I’m fortunate to share an office with DSP guru Richard Hayes who, over the last week or so, has given me a couple of brilliant 20-minute tutorials on the Z-transform which have really helped to clear up some points that have been confusing me for years. In fact, I’m ashamed to say that my knowledge of the Z-transform has always been a bit shaky, trailing far behind my modest level of understanding of the Fourier and Laplace transforms.

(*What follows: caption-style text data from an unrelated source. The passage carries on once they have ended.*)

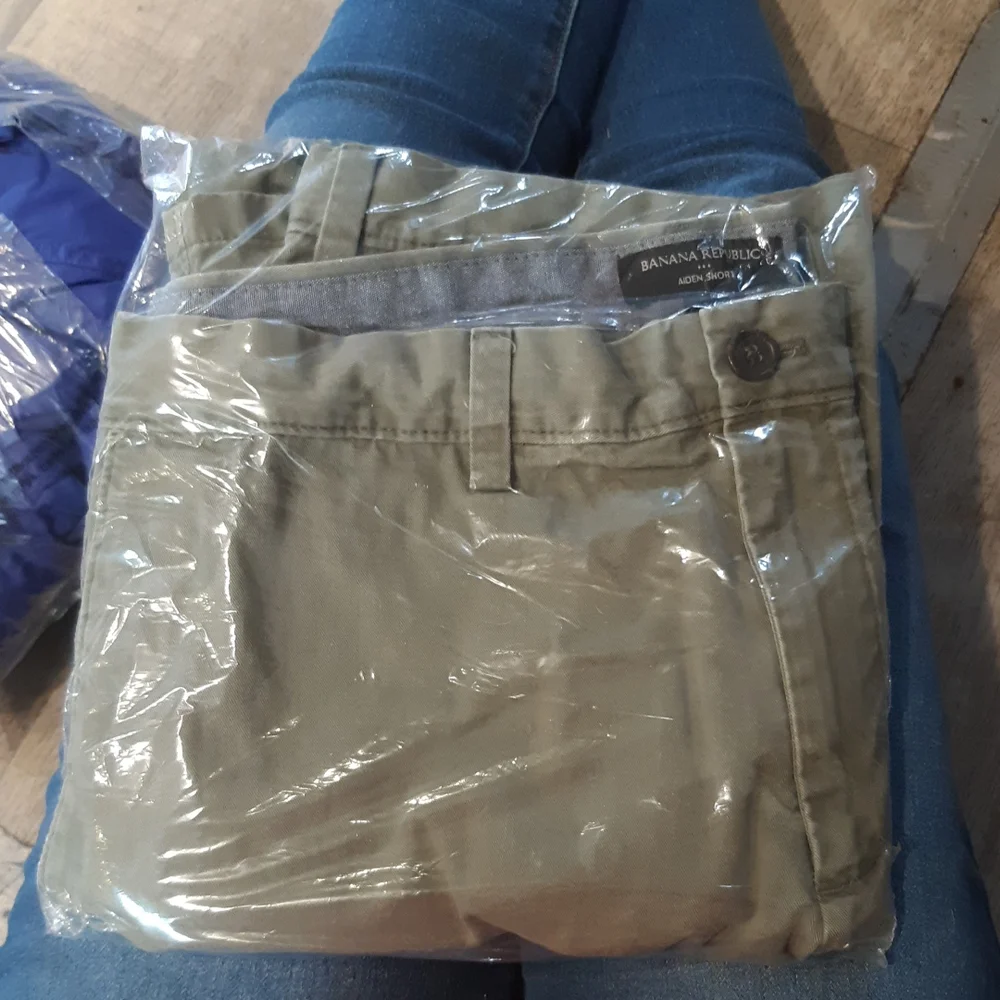 Banana Republic mens shorts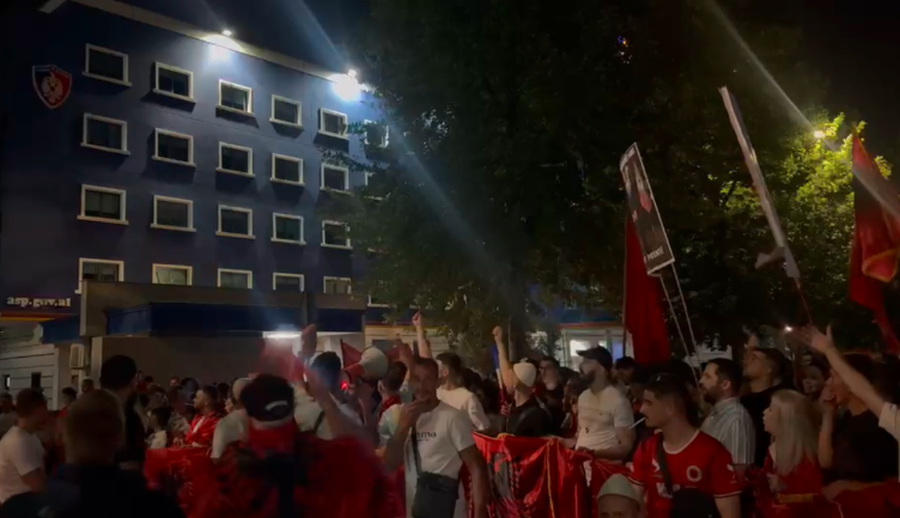 Marshimi madhështor në Tiranë, protestuesit ndalojnë tek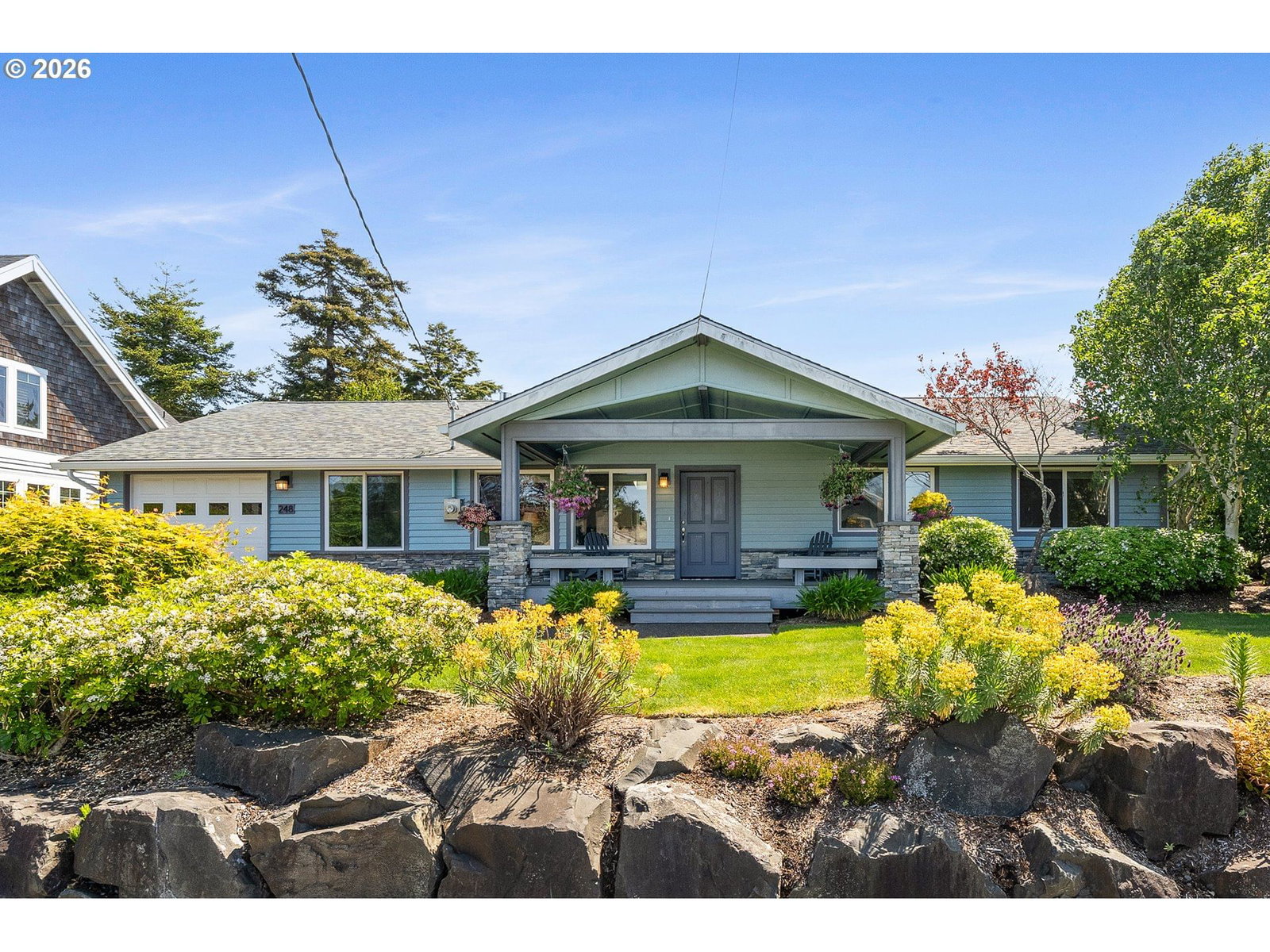 Listing photo 1 of 6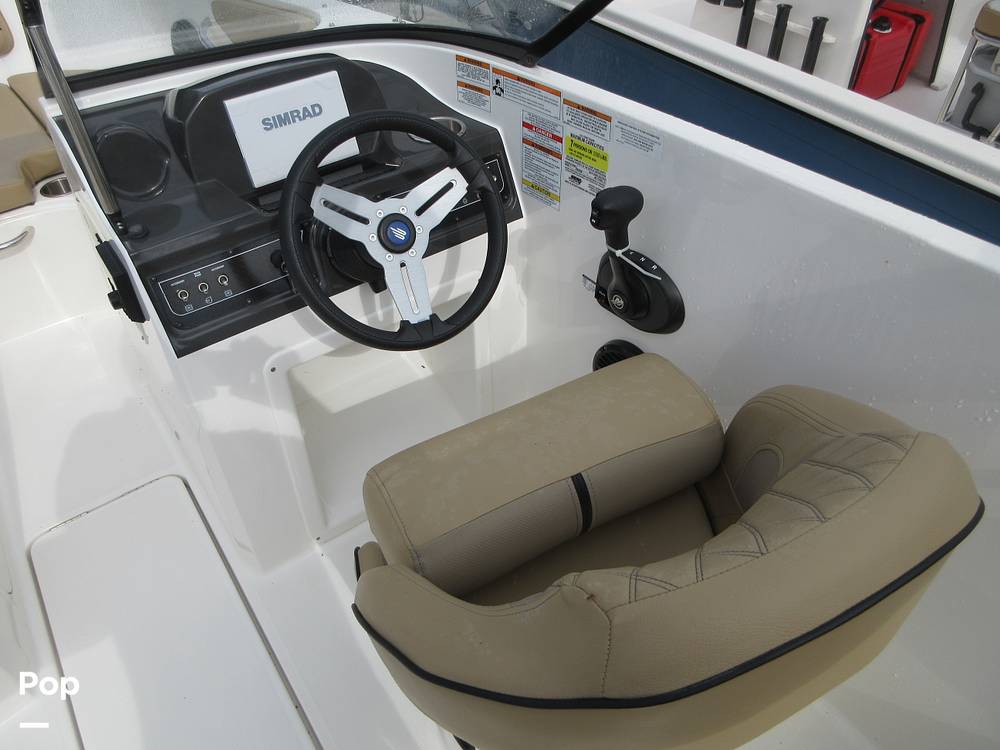 Slide: The Image of Bayliner VR4 2024 - 15451931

I first encountered all of these transforms as an undergraduate engineer in UCD back in the 1990s, but I really only learned them off well enough at that time to get me through the exams. Although I could sort of understand the basic principle of each transform, my intuitive understanding of the mathematics was totally inadequate. It wasn’t until I was doing my masters in UCD’s Rehabilitation Engineering lab around 1999 that I first developed the deeper intuitive grasp of these techniques which one requires in order to apply them with confidence, or to apply them creatively. My point of entry to real, meaningful understanding was the Discrete Fourier Transform (DFT) which I learned inside out by writing my own (very inefficient) C implementation. Although the DFT can be thought of as a special case of the Z-transform, I remained mostly baffled by the Z-domain even after that. In some ways, the Z-Transform equation looks innocuous enough:

X(z) = \mathscr{Z}\left\{{x[n]}\right\} = \sum\limits_{n=-\infty}^{\infty} x[n]z^{-n}

However, trying to actually visualise what happens when a signal (or system) is transformed from the time domain into the Z-domain is (for most people, including me) very challenging.

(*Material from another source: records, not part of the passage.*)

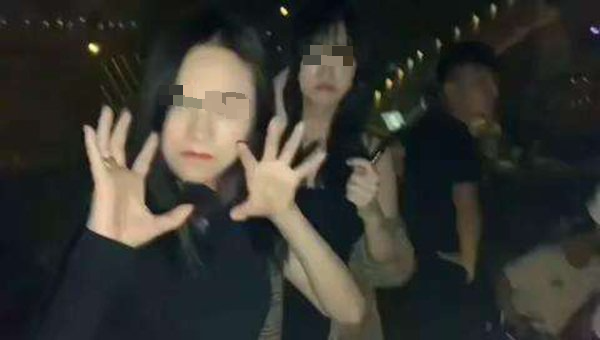 确诊前连赴5酒吧 少女遭围剿急道歉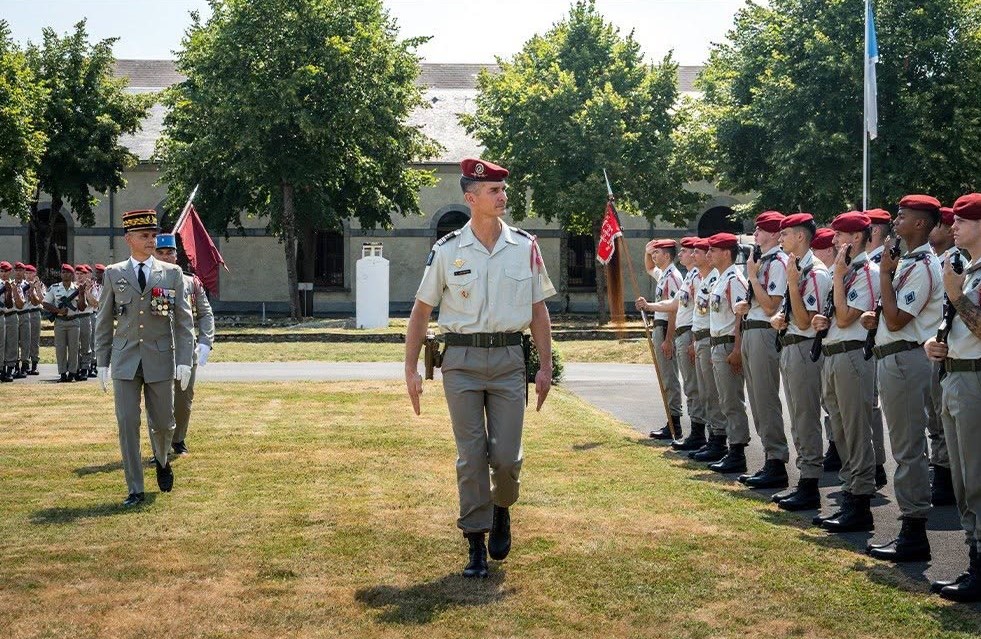 Tarbes : passation de commandement au 1er régiment de hussards parachutistes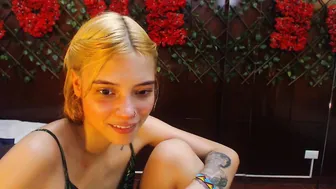 lucia4you19 depraved gymnast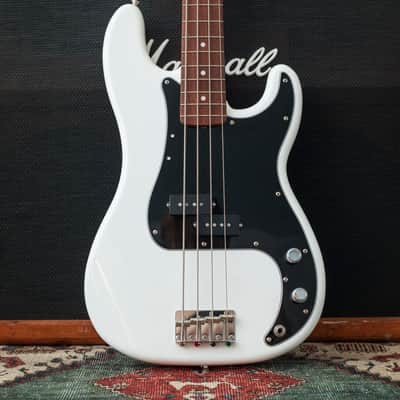 Fender Traditional 70's Precision Bass 2004 - Arctic White image 1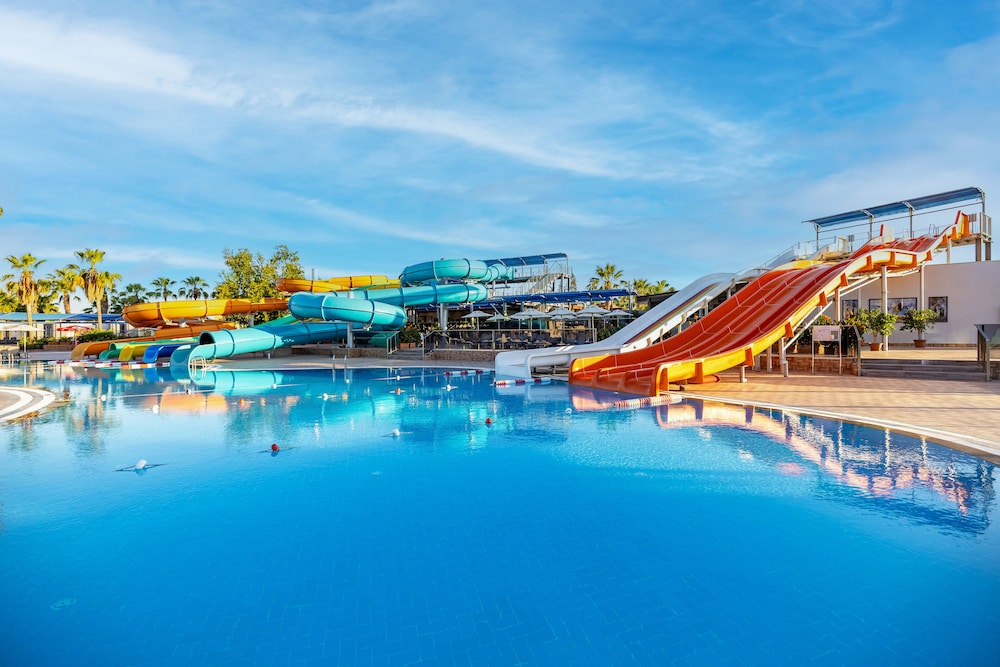 VONRESORT Golden Beach - All Inclusive — Swimming pool in Side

What Richard was working on last week was a MATLAB program to generate a 1-page summary of discrete-time system analysis, which included a 3D plot of a system transfer function plotted as a surface in the Z-domain. He talked me through his MATLAB code line-by-line, which really helped me to picture the meaning of the surface. Also, partly by accident, he had generated a spectacular illustration of the Z-domain region of convergence (his surface shot straight up at the boundary of this region).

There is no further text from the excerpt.